Ahora Siuan rezongó mientras se arreglaba la falda con gesto irritado; solía llevar ropas muy sencillas, pero aquella mañana vestía un atuendo de buen lino amarillo con una compleja greca teariana bordada en el filo de un escote al que casi podía tildarse de descarado. Sus azules ojos eran tan fríos como el agua de un pozo profundo. O como sería el agua de un pozo profundo si el tiempo no se hubiese vuelto loco. Su indumentaria habría cambiado, pero no su modo de mirar.

—No funcionará de ninguna forma —espetó. También su modo de hablar seguía siendo el mismo—. No se puede echar parches a la quilla cuando toda la barca ha ardido. En fin, es una pérdida de tiempo, pero lo prometí, así que continúa. Leane y yo tenemos trabajo pendiente que hacer.

Las dos se ocupaban de la red de informadoras de las Aes Sedai allí, en Salidar, las mujeres que enviaban tanto informes como rumores de lo que acontecía en el mundo.

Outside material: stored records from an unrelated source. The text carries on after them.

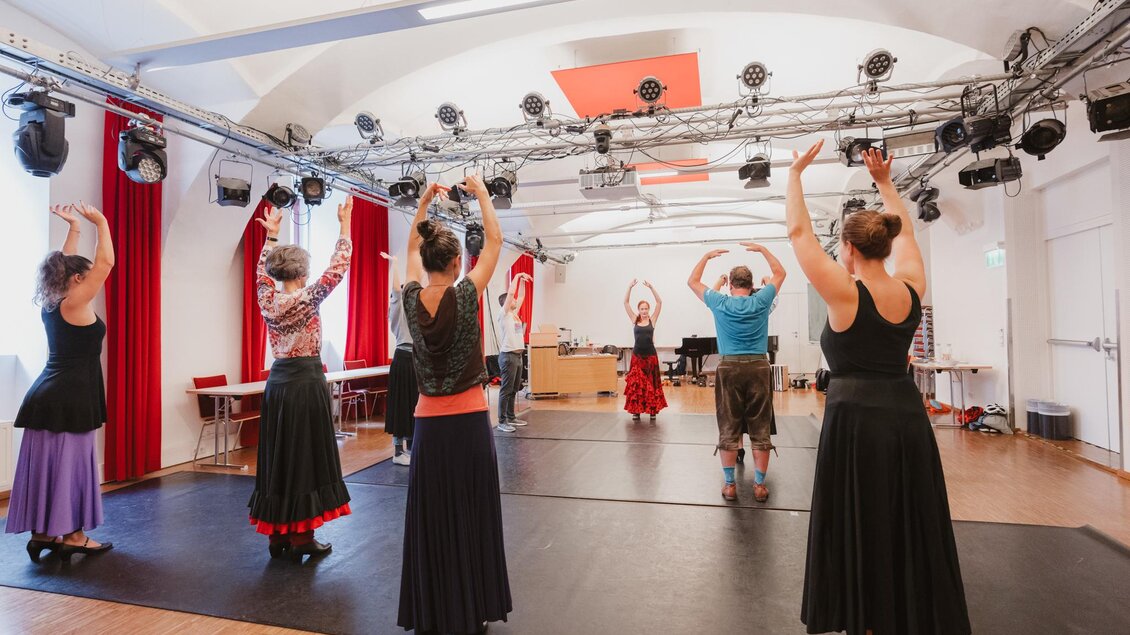 Eine Gruppe von Tänzern übt in einem Raum mit Holzboden und Beleuchtung. Sie tragen Kleidung in verschiedenen Farben und heben die Arme zur Choreografie. | © Madeleine Marie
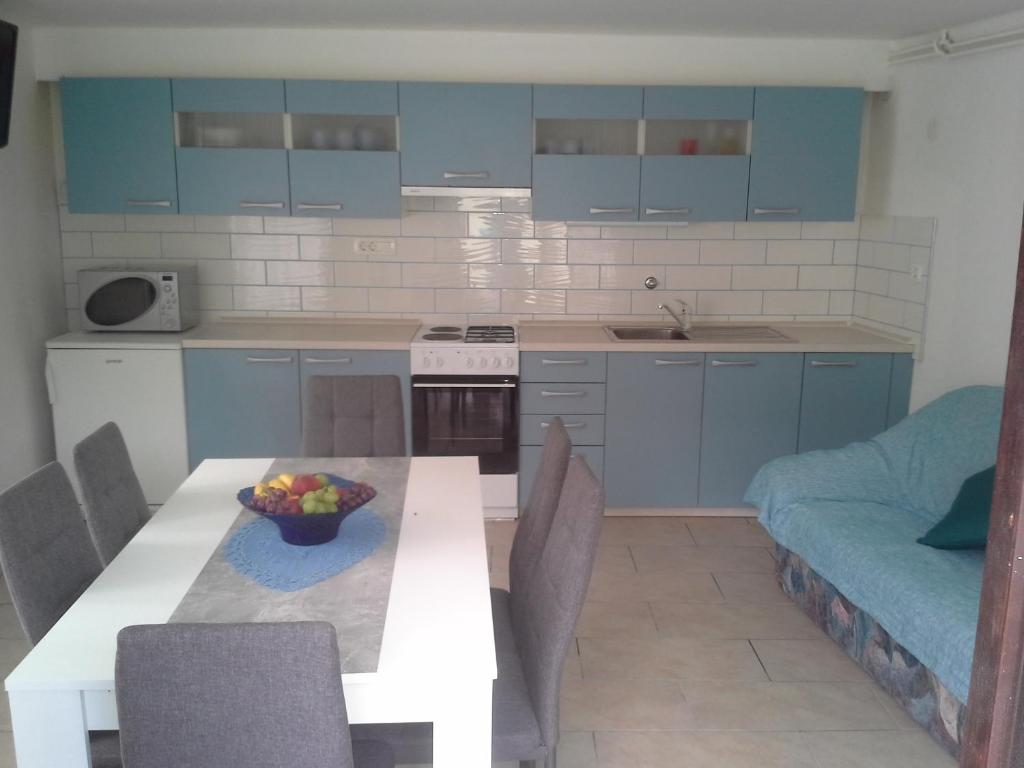 a kitchen with a table with a bowl of fruit on it at K21 Apartment in Bovec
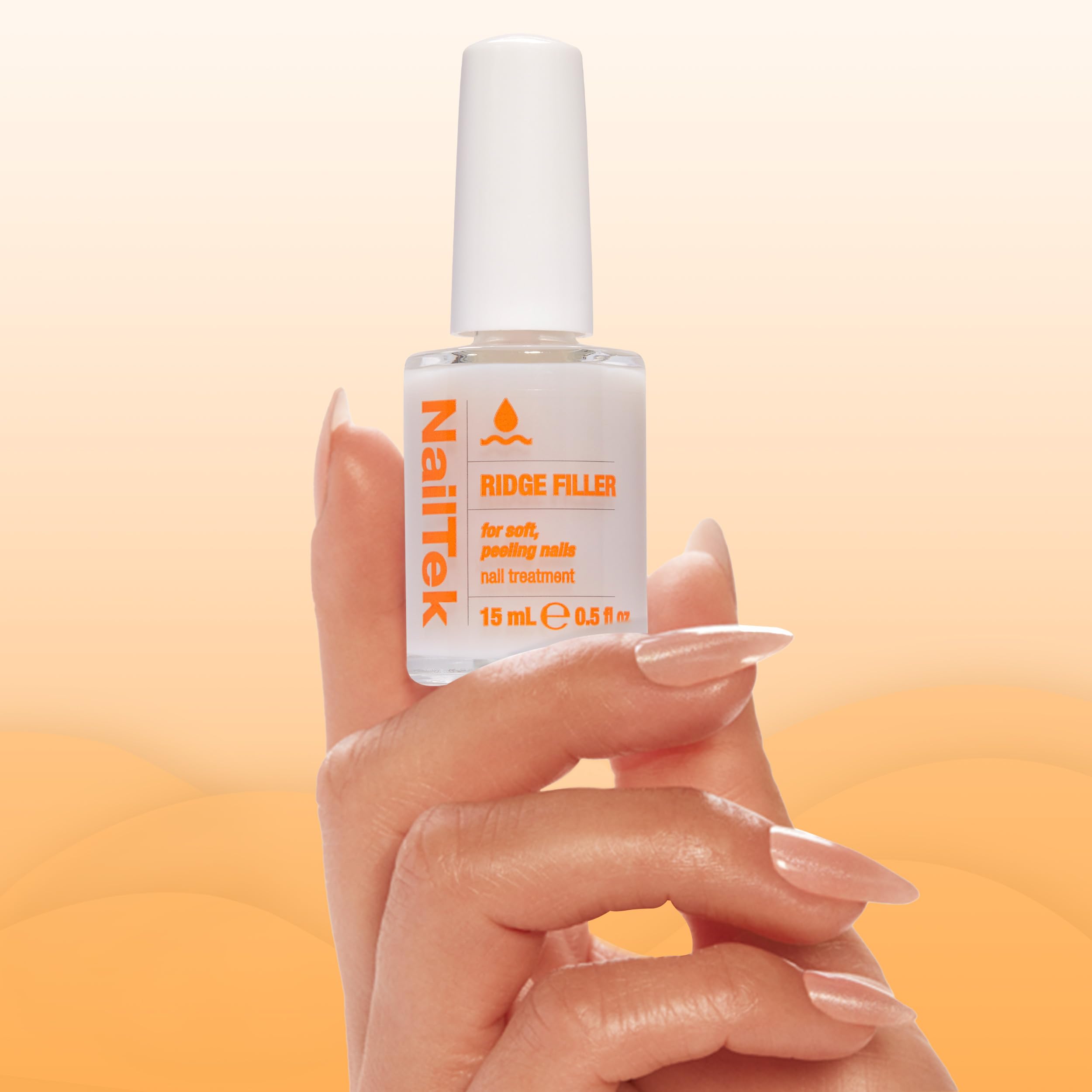 Nail Tek Ridge Filler acts as a clear base coat for better polish grip.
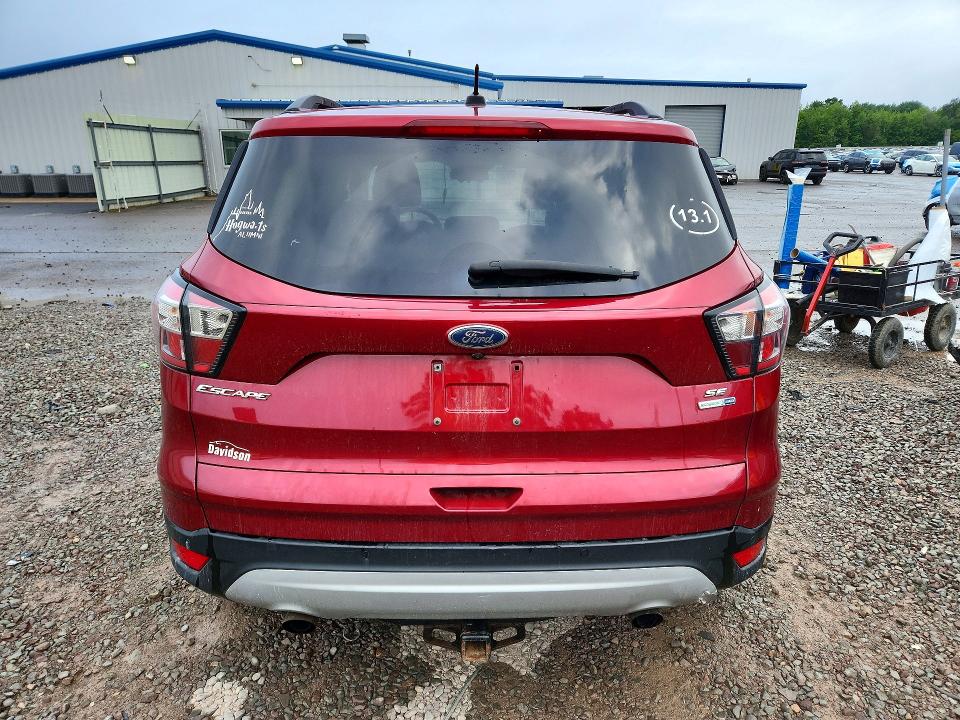 Foto 6 de la subasta – 2017 FORD ESCAPE con VIN 1FMCU9GD1HUD02721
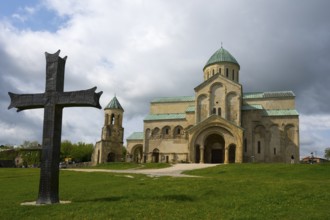 Historic church with cross in the foreground, cloudy sky surrounded by green landscape, Bagrati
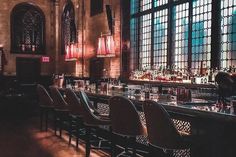 a long bar with lots of bottles and glasses on the top shelf in front of large windows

También Nynaeve se alisó la falda. Su vestido era de sencilla lana blanca, con siete bandas de colores en el repulgo, una por cada Ajah. Un vestido de Aceptada. La irritaba más de lo que nunca habría imaginado. Preferiría con mucho llevar el de seda verde que tenía guardado. Estaba dispuesta a admitir su recién adquirido gusto por las ropas buenas, al menos para sus adentros, pero la elección de ese vestido en particular no era sólo por comodidad —era fino, ligero— ni porque el verde fuera el color predilecto de Lan. No, en absoluto. Eso sería una ociosa ensoñación de la peor clase. Una Aceptada que se pusiera cualquier otro atuendo excepto el blanco con bandas no tardaría en enterarse de que se encontraba muy por debajo de las Aes Sedai. Con firmeza rechazó aquellas ideas. No estaba allí para rumiar fruslerías. El azul también le gustaba. ¡No!